- **Your assignment**
Give the records back exactly as written, but without the images.

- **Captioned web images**
+ + + + + + +

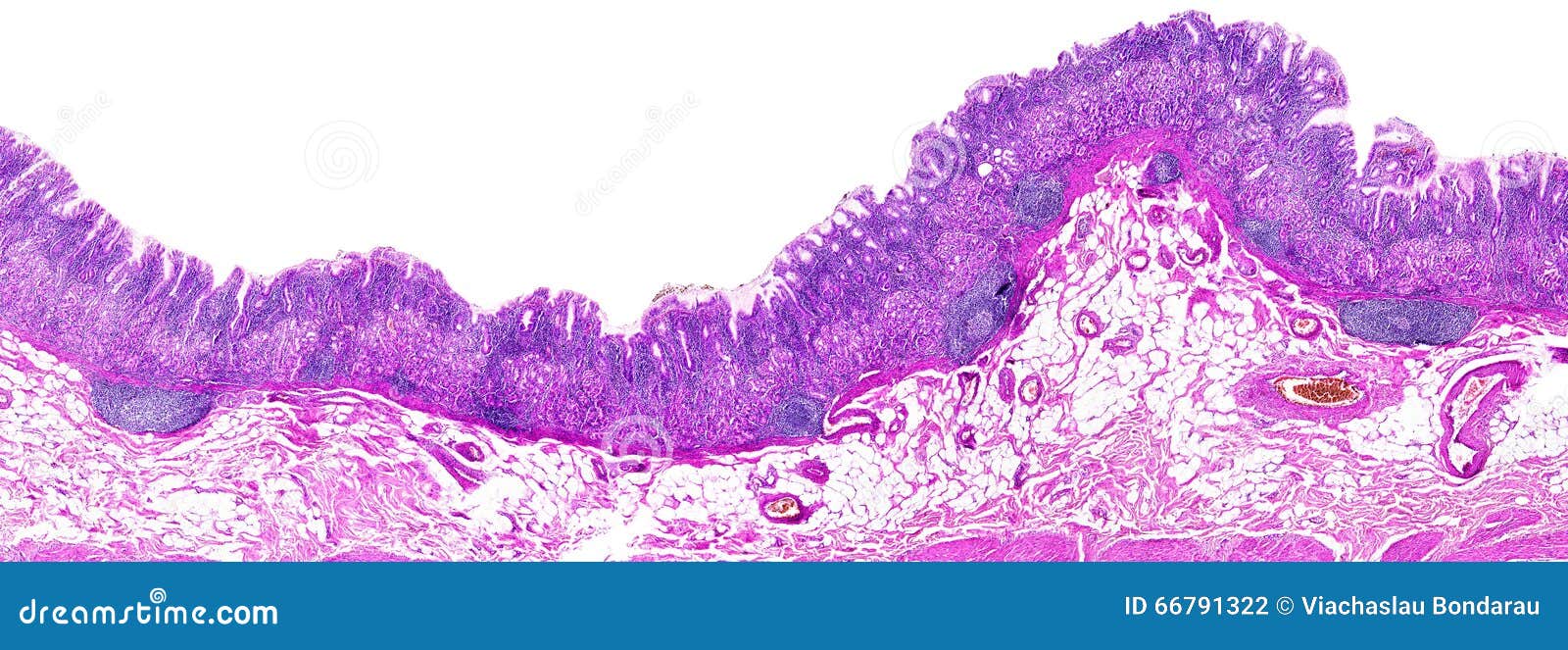 chronic gastritis of a human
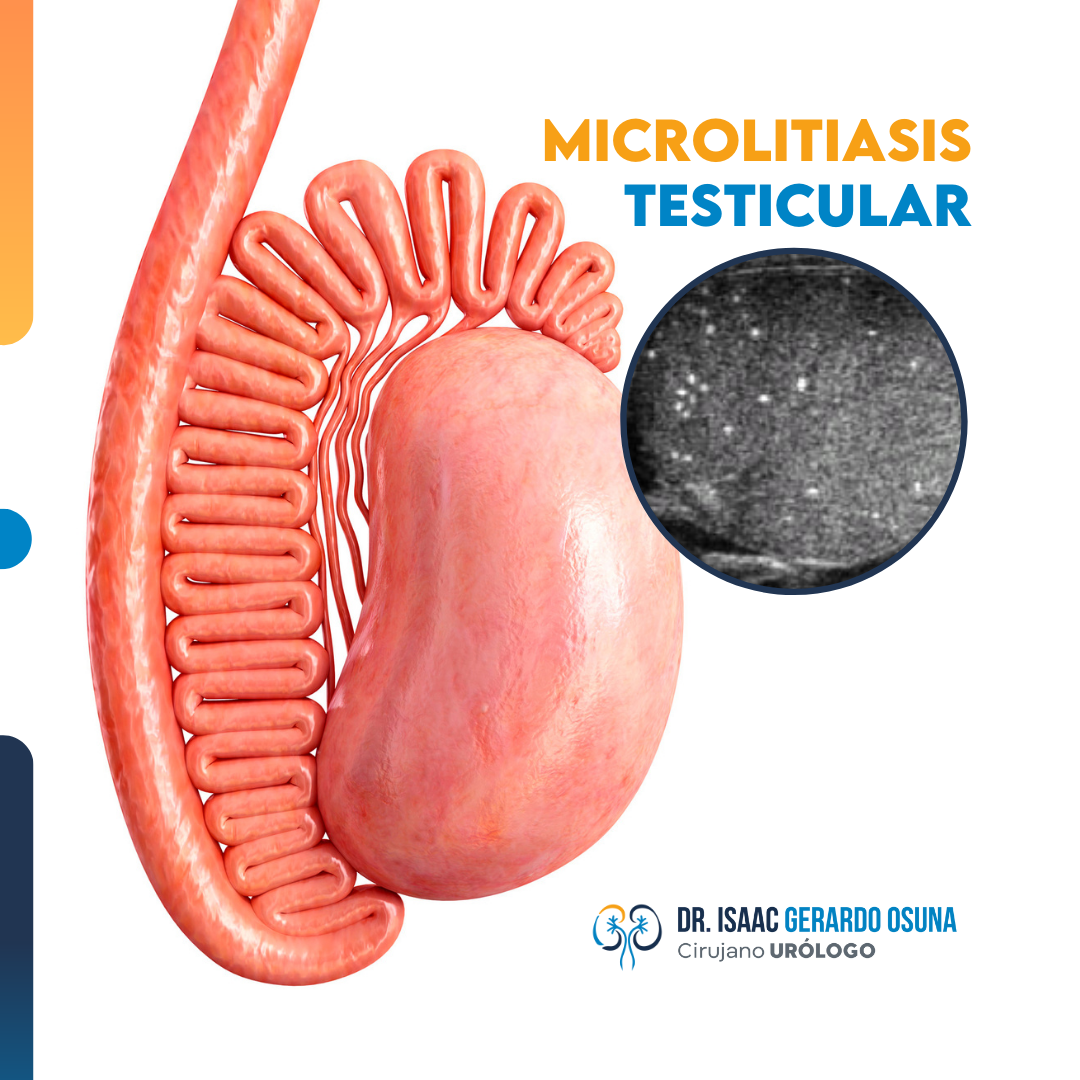 La #microlitiasis #testicular es... - Urologo Isaac Gerardo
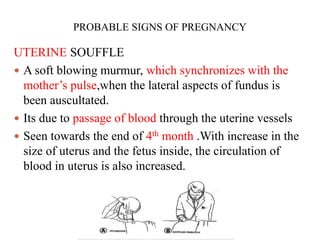PROBABLE SIGNS OF PREGNANCY
UTERINE SOUFFLE
 A soft blowing murmur, which synchronizes with the
mother’s pulse,when the lateral aspects of fundus is
been auscultated.
 Its due to passage of blood through the uterine vessels
 Seen towards the end of 4th month .With increase in the
size of uterus and the fetus inside, the circulation of
blood in uterus is also increased.
 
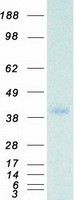 PPP1CC / PP1 Gamma Protein - Purified recombinant protein PPP1CC was analyzed by SDS-PAGE gel and Coomassie Blue Staining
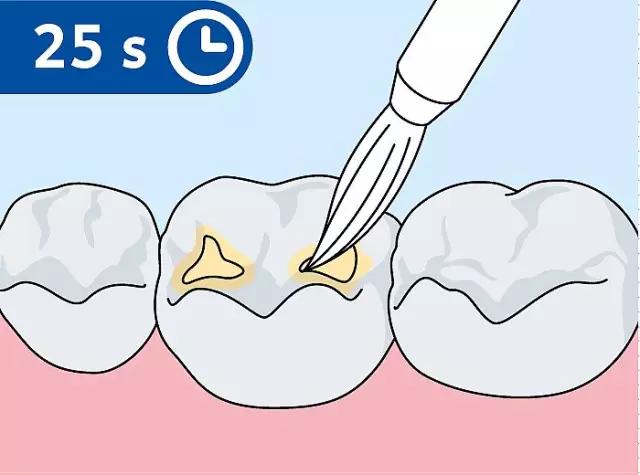 什么是儿童窝沟封闭?会不会痛?1分钟视频带你看懂#雅悦齿科#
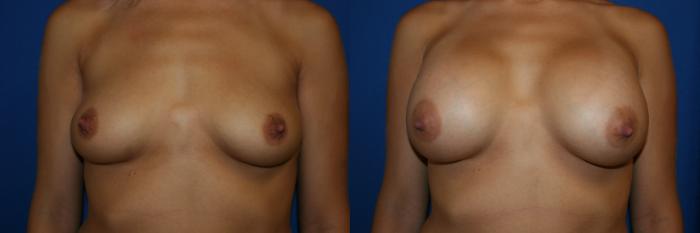 Breast Augmentation Case 13 Before & After View #1 | San Jose & Palo Alto, CA | Daryl K. Hoffman, MD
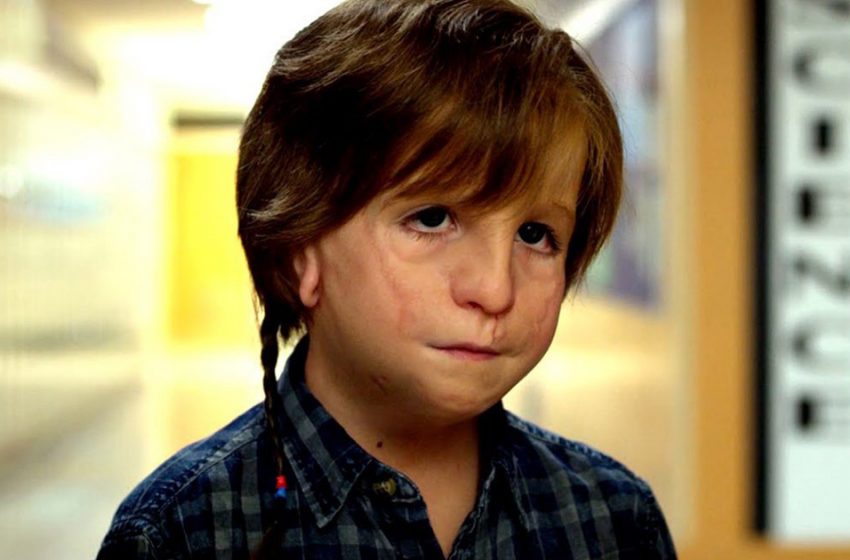  Sans maquillage, on ne le reconnaît tout simplement pas : voici à quoi ressemble maintenant l’acteur qui a joué Auggie dans “Miracle”.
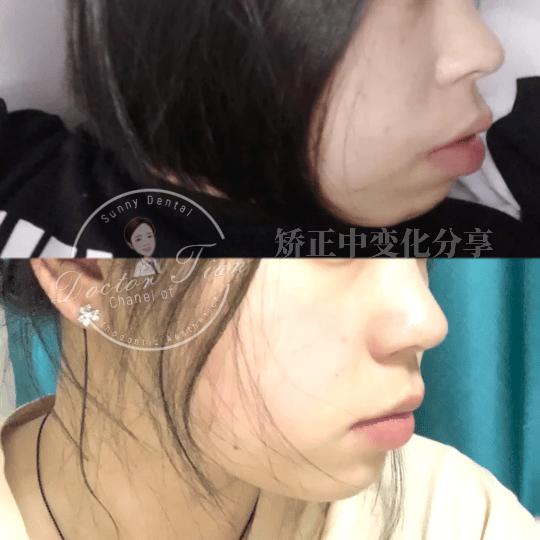 不拔牙矫正嘴凸下巴后缩案例,嘴瘪不拔牙矫正嘴会凸怎么办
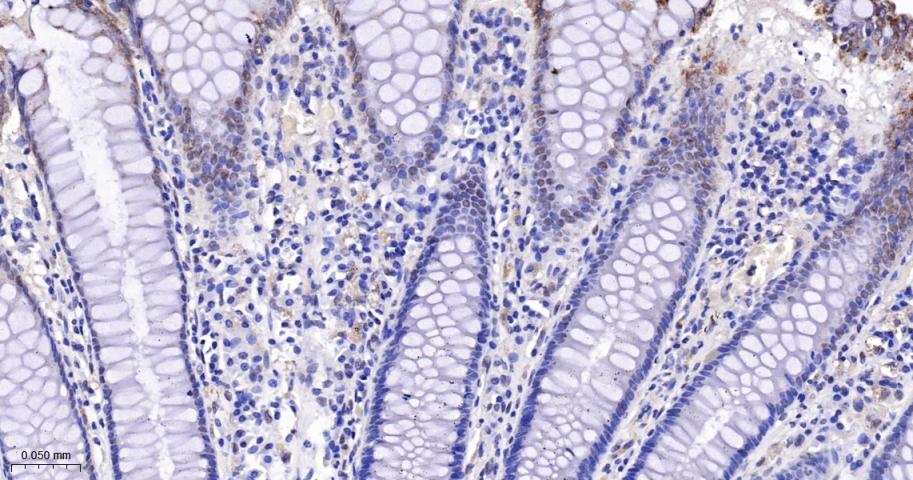 转录因子E2F-4重组兔单抗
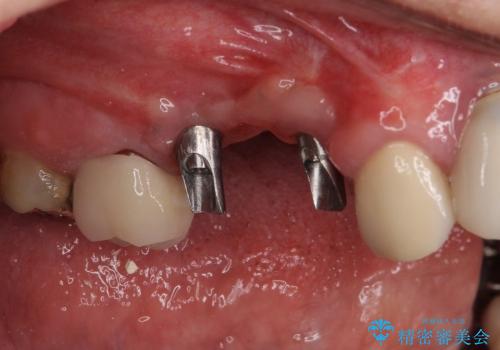 ブリッジの土台の歯が割れた　インプラントによる奥歯の補綴治療の治療後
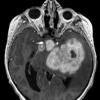 5A1 Astrocytoma, pilocytic (Case 5) MPRAGE W - Copy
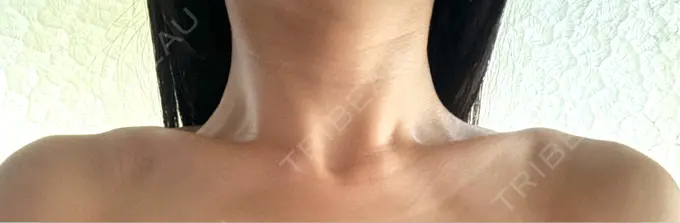 ボトックス（肩） APスキンクリニック銀座 DAY 6 メイン用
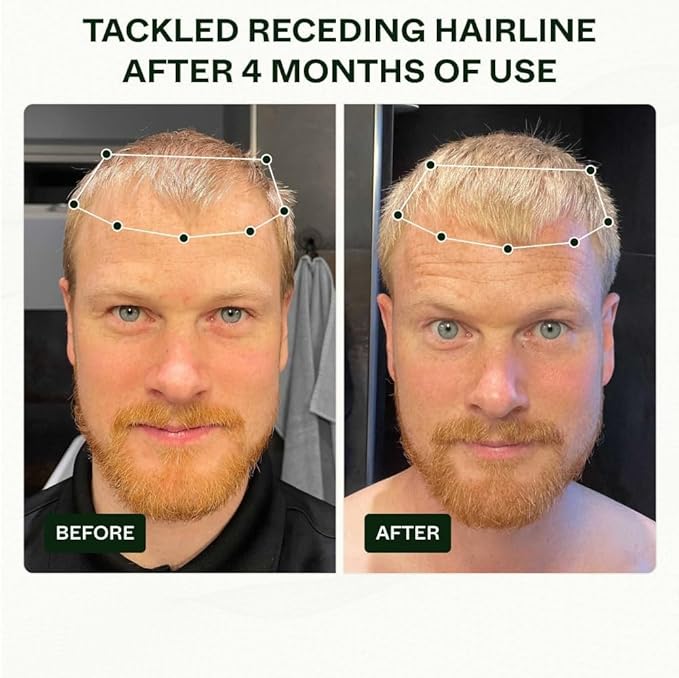 Scandinavian Biolabs Bio-Pilixin® Routine For Men | Helps With Hair Shedding, Nurtures Hair Follicles, Enhances Hair Strength, Repairs Damaged Hair, Clinically Tested, Dermatologically Approved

+ + + + + + +

- **Exercise response**
 chronic gastritis of a human
 La #microlitiasis #testicular es... - Urologo Isaac Gerardo
PROBABLE SIGNS OF PREGNANCY
UTERINE SOUFFLE
 A soft blowing murmur, which synchronizes with the
mother’s pulse,when the lateral aspects of fundus is
been auscultated.
 Its due to passage of blood through the uterine vessels
 Seen towards the end of 4th month .With increase in the
size of uterus and the fetus inside, the circulation of
blood in uterus is also increased.
 
 PPP1CC / PP1 Gamma Protein - Purified recombinant protein PPP1CC was analyzed by SDS-PAGE gel and Coomassie Blue Staining
 什么是儿童窝沟封闭?会不会痛?1分钟视频带你看懂#雅悦齿科#
 Breast Augmentation Case 13 Before & After View #1 | San Jose & Palo Alto, CA | Daryl K. Hoffman, MD
  Sans maquillage, on ne le reconnaît tout simplement pas : voici à quoi ressemble maintenant l’acteur qui a joué Auggie dans “Miracle”.
 不拔牙矫正嘴凸下巴后缩案例,嘴瘪不拔牙矫正嘴会凸怎么办
 转录因子E2F-4重组兔单抗
 ブリッジの土台の歯が割れた　インプラントによる奥歯の補綴治療の治療後
 5A1 Astrocytoma, pilocytic (Case 5) MPRAGE W - Copy
 ボトックス（肩） APスキンクリニック銀座 DAY 6 メイン用
 Scandinavian Biolabs Bio-Pilixin® Routine For Men | Helps With Hair Shedding, Nurtures Hair Follicles, Enhances Hair Strength, Repairs Damaged Hair, Clinically Tested, Dermatologically Approved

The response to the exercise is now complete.